• [Input records]

────────

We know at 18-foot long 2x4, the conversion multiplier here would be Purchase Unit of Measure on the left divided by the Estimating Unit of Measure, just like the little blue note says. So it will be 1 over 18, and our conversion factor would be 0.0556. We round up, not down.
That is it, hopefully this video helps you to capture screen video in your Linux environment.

────────

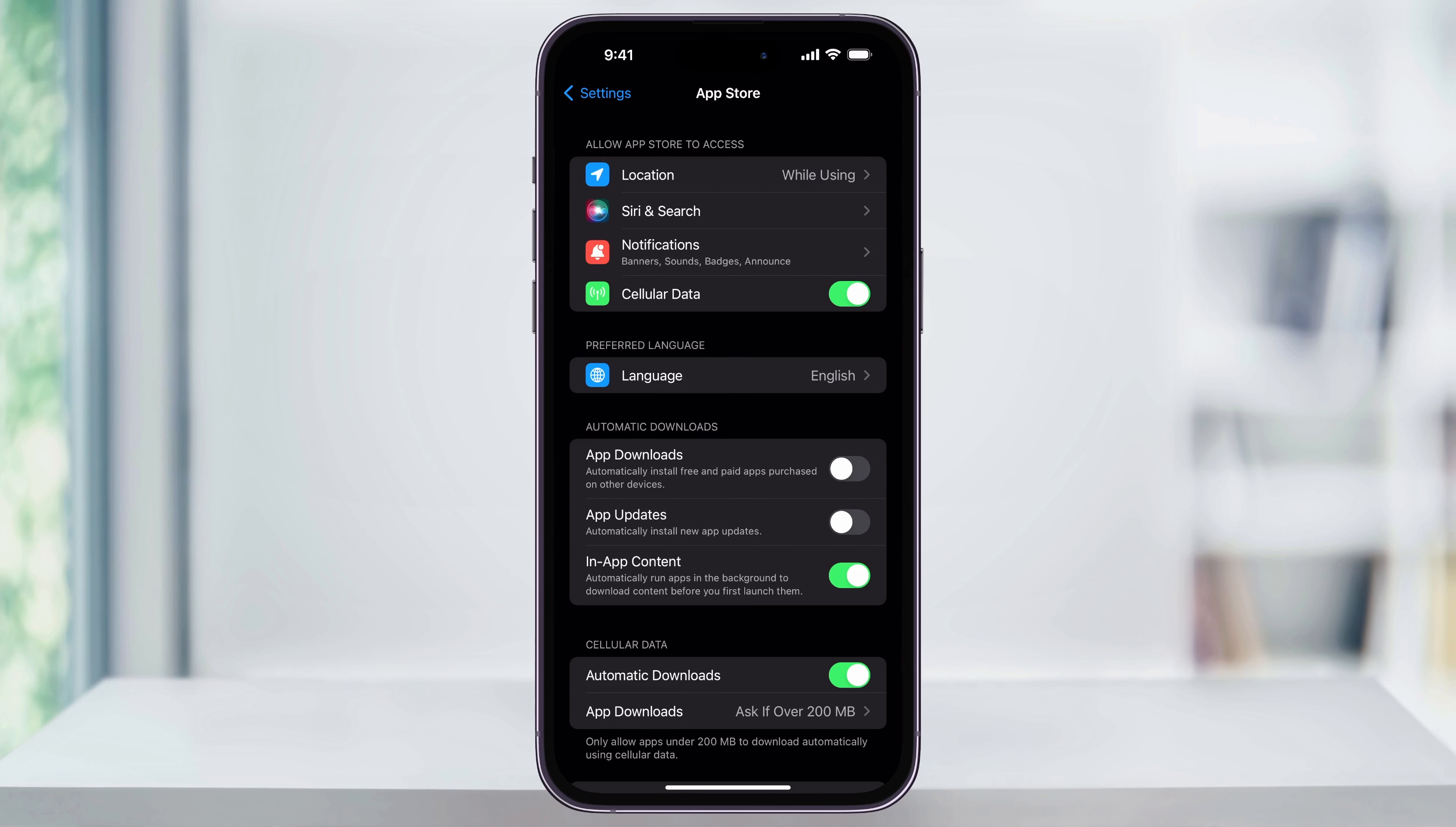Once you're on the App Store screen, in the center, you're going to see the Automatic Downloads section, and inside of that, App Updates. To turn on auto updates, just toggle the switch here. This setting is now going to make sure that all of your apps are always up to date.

────────

• [Directions]
Copy exactly the stretch of data above from the line with "We know at 18-foot" through the line with "That is it, hopefully", and omit all other lines.

• [Finished task]
We know at 18-foot long 2x4, the conversion multiplier here would be Purchase Unit of Measure on the left divided by the Estimating Unit of Measure, just like the little blue note says. So it will be 1 over 18, and our conversion factor would be 0.0556. We round up, not down.
That is it, hopefully this video helps you to capture screen video in your Linux environment.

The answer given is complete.